A senior administration official told me yesterday that those who think that President Obama is simply going to give up on Palestine-Israel piece don’t understand him. This official said that President Obama opened his administration with an important investment in the peace process, making the appointment of former Senator George Mitchell one of his administration’s defining first moves.
The official said that the President receives regular updates on progress and has used two UN General Assembly speeches in a row to keep the Israel-Palestine standoff front and center. The official said Obama realizes — and has been advised — that without continuing involvement, without continuing innovation in approaches that this situation will blow up and not allow itself to be ignored.
My question then was, what next?
And the response was incomplete but probably sound. “We are studying options.”
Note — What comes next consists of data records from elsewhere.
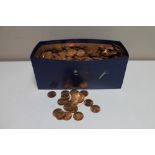 A box of mid 20th century un-circulated pennies and half pennies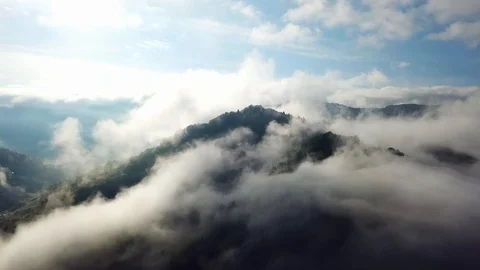 Aerial view of clouds in the mountains Stock Footage 121997299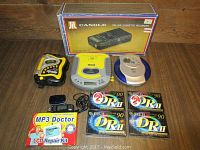 Two portable Discman CD players, one cassette player/recorder, six Fuji blank cassette tapes, MP3 Doctor LCD repair kit, and earphones displayed on a wooden surface.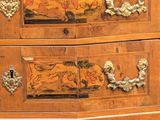 a wooden chest of drawers with a painting on it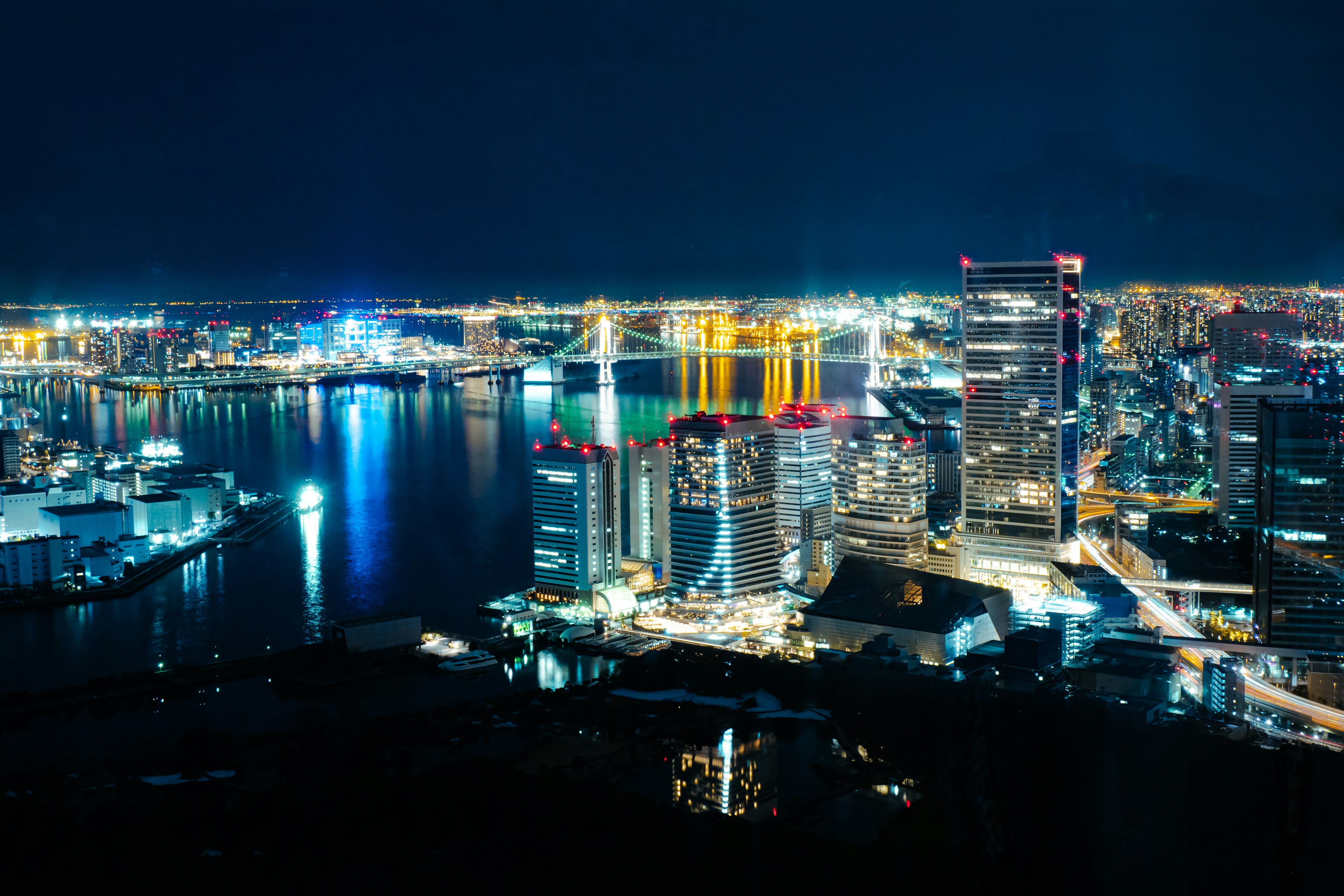 Atemberaubende Panoramaansicht einer Stadt bei Nacht mit beleuchteten Wolkenkratzern, die sich im Wasser spiegeln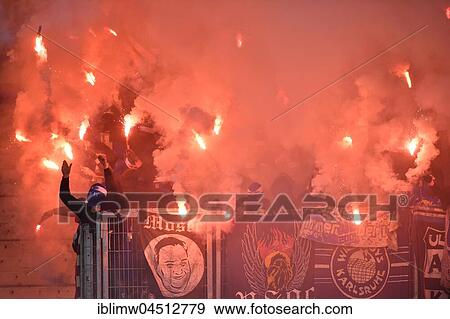 Stock Photo - Radical fans at soccer match, hooded hooligans with Bengal light, pyrotechnics, fan section KSC Karlsruher SC, Merdedes-Benz-Arena, Stuttgart, Baden-Württemberg, Deutschland. Fotosearch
In Time, Tony Karon shares a great state of play piece and suggests in a key clip:
The great hope of the Palestinians and their Arab backers will be that the stalemate prompts the Obama Administration to put its own ideas on the table on the parameters of a two-state solution, committing Washington to a map far closer to the international consensus than Israel is willing to go voluntarily. But a President who’ll face the battle of his life to win reelection two years from now will be reluctant to take the domestic political consequences of squeezing Israel.
This is the 900 kilo question. Will the administration finally do what it has long flirted with — putting its own parameters and ideas on the table as so many wise-person’s groups have suggested? Or will it forfeit this territory of diplomatic effort to Netanyahu?
That’s the burning question now — and my sources say that the door is open for new frames that could capture the day and change the current paralyzed standoff.